Quand les gens me demandent comment reconnaître les méchants dans la rue, je leur réponds que les délinquants ne correspondent à aucun profil type. Nous avons arrêté toutes sortes de personnes : des prédateurs confinés à leur sous-sol, des enseignants, des gens d'affaires et, malheureusement, des policiers. Je dis aux autres policiers d'entrer en contact avec un GLEEI dès que possible pour recevoir des instructions. Ce sont des enquêtes très complexes et certaines étapes doivent être suivies lors de la saisie d'ordinateurs et d'autres appareils.
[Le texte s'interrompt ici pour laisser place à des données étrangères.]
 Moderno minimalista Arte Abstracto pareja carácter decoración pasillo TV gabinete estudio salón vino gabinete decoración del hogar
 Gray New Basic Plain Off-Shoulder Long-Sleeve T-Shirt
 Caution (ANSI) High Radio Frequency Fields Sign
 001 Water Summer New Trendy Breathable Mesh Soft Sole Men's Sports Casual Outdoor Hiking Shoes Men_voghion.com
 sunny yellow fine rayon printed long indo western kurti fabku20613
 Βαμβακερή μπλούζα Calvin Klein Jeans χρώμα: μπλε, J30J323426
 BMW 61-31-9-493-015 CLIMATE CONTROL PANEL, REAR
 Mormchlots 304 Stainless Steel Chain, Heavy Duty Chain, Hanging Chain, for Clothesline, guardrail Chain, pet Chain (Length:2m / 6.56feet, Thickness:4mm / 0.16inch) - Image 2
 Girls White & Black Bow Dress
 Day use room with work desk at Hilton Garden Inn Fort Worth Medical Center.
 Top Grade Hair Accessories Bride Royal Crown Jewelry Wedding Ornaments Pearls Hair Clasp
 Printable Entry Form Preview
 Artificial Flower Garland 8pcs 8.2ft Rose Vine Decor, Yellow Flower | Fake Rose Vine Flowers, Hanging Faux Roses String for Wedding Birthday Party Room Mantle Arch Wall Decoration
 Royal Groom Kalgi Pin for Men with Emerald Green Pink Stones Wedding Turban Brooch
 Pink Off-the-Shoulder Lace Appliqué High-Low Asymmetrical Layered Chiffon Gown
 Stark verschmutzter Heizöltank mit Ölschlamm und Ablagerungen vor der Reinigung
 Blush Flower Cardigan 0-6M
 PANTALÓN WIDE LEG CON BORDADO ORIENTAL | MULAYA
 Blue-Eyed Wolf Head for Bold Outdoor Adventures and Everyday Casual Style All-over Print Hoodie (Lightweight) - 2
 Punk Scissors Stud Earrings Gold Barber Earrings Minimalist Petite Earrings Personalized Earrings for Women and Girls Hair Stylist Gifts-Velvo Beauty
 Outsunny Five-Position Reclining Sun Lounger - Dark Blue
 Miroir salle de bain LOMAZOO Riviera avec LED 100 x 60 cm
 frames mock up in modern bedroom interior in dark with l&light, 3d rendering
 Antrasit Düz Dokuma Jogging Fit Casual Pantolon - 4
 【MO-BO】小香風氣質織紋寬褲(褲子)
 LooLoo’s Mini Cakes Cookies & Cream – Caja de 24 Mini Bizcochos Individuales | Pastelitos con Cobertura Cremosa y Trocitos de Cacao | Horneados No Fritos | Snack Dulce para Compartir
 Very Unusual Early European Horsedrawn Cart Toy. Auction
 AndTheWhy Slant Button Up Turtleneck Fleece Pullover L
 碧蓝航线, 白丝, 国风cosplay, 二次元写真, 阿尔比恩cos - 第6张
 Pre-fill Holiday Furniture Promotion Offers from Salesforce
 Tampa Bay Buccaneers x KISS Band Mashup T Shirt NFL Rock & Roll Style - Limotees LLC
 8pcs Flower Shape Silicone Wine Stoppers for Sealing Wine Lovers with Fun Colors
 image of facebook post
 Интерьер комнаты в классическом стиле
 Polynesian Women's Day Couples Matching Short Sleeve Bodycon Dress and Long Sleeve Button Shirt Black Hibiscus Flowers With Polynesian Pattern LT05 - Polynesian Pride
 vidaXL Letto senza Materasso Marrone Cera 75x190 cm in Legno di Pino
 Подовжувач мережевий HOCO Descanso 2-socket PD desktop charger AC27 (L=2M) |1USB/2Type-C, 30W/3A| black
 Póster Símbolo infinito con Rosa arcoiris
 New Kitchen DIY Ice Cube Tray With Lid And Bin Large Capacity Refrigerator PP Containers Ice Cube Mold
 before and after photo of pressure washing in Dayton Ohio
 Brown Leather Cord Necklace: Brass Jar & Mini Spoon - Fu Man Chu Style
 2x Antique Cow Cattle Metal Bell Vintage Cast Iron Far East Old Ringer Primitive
Si la saisie n'est pas faite correctement, nous pouvons perdre des données que nous aurons peu de chances de récupérer.

Qu'est-ce qui vous motive à faire ce travail?

Notre but ultime est de sauver des enfants. Lorsque je découvre un cas d'agression en direct, c'est terrible parce qu'une agression a lieu, mais c'est merveilleux parce que nous pourrons y mettre fin et sortir les enfants de cet enfer. C'est le travail le plus gratifiant de mes douze ans de service policier. Dans plusieurs cas, nous avons pu identifier en direct des victimes au Canada. Il y a un dossier sur mon bureau en ce moment qui pourrait nous permettre de sauver plusieurs enfants à l'étranger. Bref, même si le défi est de taille, l'espoir de pouvoir sauver d'autres enfants me motive à continuer.